La scelta del paesaggio come “missione interiore” (che sia abitato, mentale, di carne, o fatto di solitudine, comunque paesaggio), la sua pluriennale esperienza in camera oscura, i libri imperdibili per nutrire la mente e il proprio linguaggio (La camera chiara di Roland Barthes, La bellezza in fotografia di Robert Adams, Il negativo di Ansel Adams e altri), che fin dal primo giorno non mancò di consigliarci, raccontavano di lui il grande mistero del tempo e della pazienza: una dimensione della vita dove il lento, progressivo, svelarsi della realtà, porta alla luce particolari inaspettati, che vanno oltre la stessa natura e lasciano intuire una sorta di secondo livello di conoscenza, “laicamente” ultraterreno.
Siamo nel 1994, in California, nella seconda stagione fotografica della sua vita, quando comincia a delinearsi nella mente e nel petto, quella cesura che definisce ciò che è visivamente prioritario da quello che non lo è.
Marco torna in America, c’era già stato altre volte e la concezione del paesaggio di alcuni maestri indiscussi (come Ansel Adams o Minor White), la mistica del sistema zonale, il rigore che profuma di artigianato, sono elementi che sente parte della propria essenza. La sedimentazione di esperienze su esperienze, fisiche e mentali, per arrivare a gestire tecnicamente lo scatto e a pre-visualizzare le possibili conseguenze di scelte formali, diventano presto la scuola su cui forgiare lo sguardo.
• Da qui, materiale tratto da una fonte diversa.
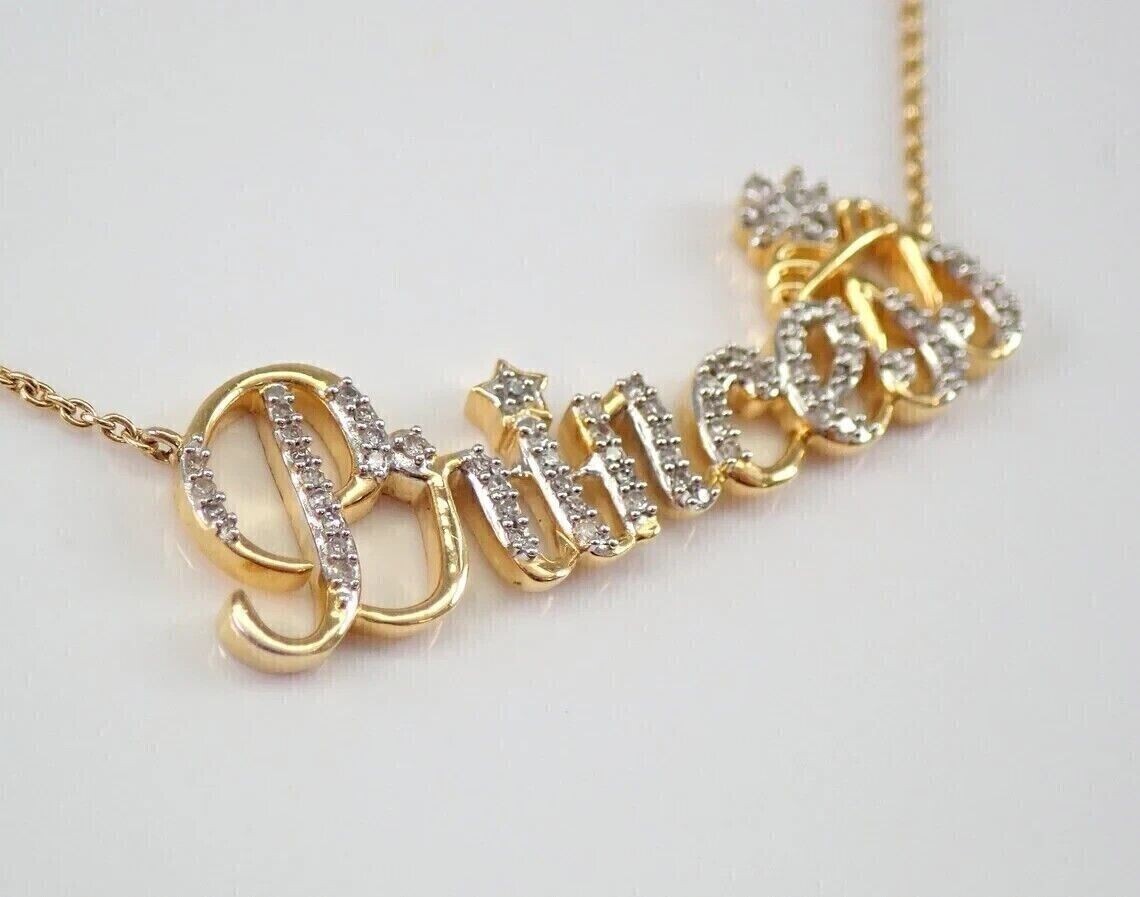 Customized Any Name Pendant Round Cut Simulated Diamond 14k Yellow Gold Plated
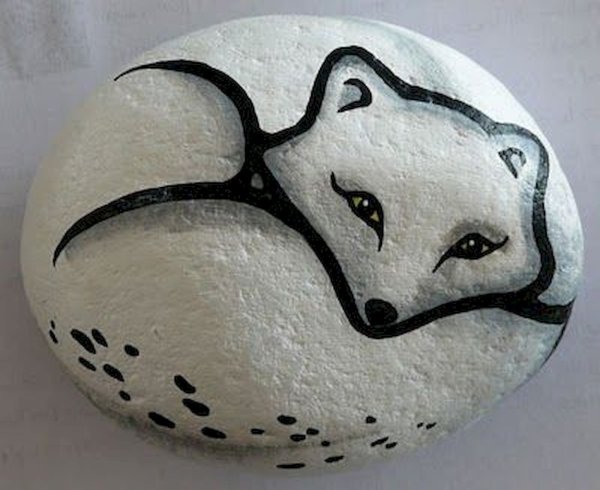 Цветы на камнях акриловыми красками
Va dritto al suo obiettivo, sceglie i maestri del landscape, Morley Bear e John Sexton (uno degli assistenti di Ansel Adams), il primo amante delle grandi questioni filosofiche che ruotavano attorno al medium, l’altro maggiormente legato alla tecnica e concentrato sulle procedure di stampa e sviluppo.
Quel giorno, fra la fine di aprile e l’inizio di maggio, si trova a sud di Carmel, lungo la costa.
Il vento forte fa tremare il treppiede, una moquette di piantine grasse rende instabile la posa e il freddo prepotente assomiglia a un bambino bizzoso che si è stancato e ci tormenta per tornare a casa.
I tempi del grande formato hanno logiche diverse.
La scelta dell’inquadratura, la posizione, l’altezza, tutto si fa a occhio nudo o al più con l’aiuto di un cartoncino bucato che simuli nel foro le proporzioni della pellicola.
Il mondo capovolto sul vetro smerigliato va messo a fuoco con l’attenzione di un miniatore, dosando il basculaggio e il decentramento dei corpi mobili: è una pratica che si avvicina allo zen, alla meditazione trascendentale, è una forma di Tai Chi della visione, dove il gesto e la strada per arrivare al risultato, hanno un peso specifico e costituiscono buona parte della soddisfazione finale.
Devi volerlo quello scatto: come dentro una bolla di pace, immuni agli attacchi di un mostro gigantesco, che prende a morsi il tempo, riducendolo in brandelli, ci preoccupiamo solo dell’attimo, del proverbiale momento, calcoliamo il dettaglio, ogni nostro nervo è teso a ingabbiarlo, poi passiamo al successivo, in una somma di procedimenti che restituiscono in forma di immagine, quel groviglio mentale che ha inchiodato i nostri occhi su una determinata porzione di mondo.

Marco Barsanti,Scogli, Garrapata Beach, 1994, stampa al clorobromuro d’argento da negativo 4×5, intonata al Selenio.
E poi quando sentiamo intimamente che è giusto, lasciamo entrare la luce.
E nel determinare questo istante irripetibile, c’è il segreto che rende i bottegai dei semplici bottegai e i fotografi dei veri fotografi: la pancia, l’istinto, la scintilla che sa cosa è perfetto, non a prescindere, questo mai. Perfetto per noi.
C’è il mare intorno che schiuma rabbioso, in una danza brusca, a tratti convulsa, di andate e ritorni, di girotondi ubriachi. Non può fermarsi. Non si ferma mai, neanche di notte.
Paolo Conte questo lo sapeva bene.
Stare al di sopra di questi flutti, non è innocuo, guardarli dall’alto non fa sentire al sicuro: è una tensione minuscola come un sibilo, che ci tira per il braccio, ci chiama giù, dove perdersi per sempre è un pensiero quasi seducente, dove abbandonare la zavorra dei giorni sembra un richiamo innato della nostra specie.
Ancorati saldi, eppure fragili, stanno tre piccoli scogli che sembrano teste, affiorate dall’acqua, di uomini affogati in quel mare.
E poi c’è il mistero delle cose.
Lo scoglio più grande, dove per puro caso, per un pacifico gioco di luci e chiaroscuri, si apre un volto di uomo, si piega in una smorfia, quella che sembra la bocca. Le narici sono alte, l’arco sopracciliare disegna un’espressione di resa. Un monolite desolato, in balia delle onde. Quel secondo gradino di conoscenza, quel secondo strato di cose date dal caso e dall’inconscio, che diventano il punctum bathesiano della questione, il senso di una magia che precede di secoli la gelatina d’argento.
Ma che solo lei ci ha insegnato a registrare.
Questa è la prima fotografia incontrata nella mia vita, che sia riuscita a insinuarmi come una sorta di appetito, il desiderio dell’atto fotografico. Non la smania di ricreare l’identico scatto. Quella è una stupidaggine che tiene nelle sabbie mobili milioni di fotoamatori. È un altro tipo di aspirazione: instaurare un dialogo con le cose del mondo, che ci tolga dalla testa quella presunzione di supremazia tipica dell’animale-uomo e ci dia gli strumenti finalmente, per capire.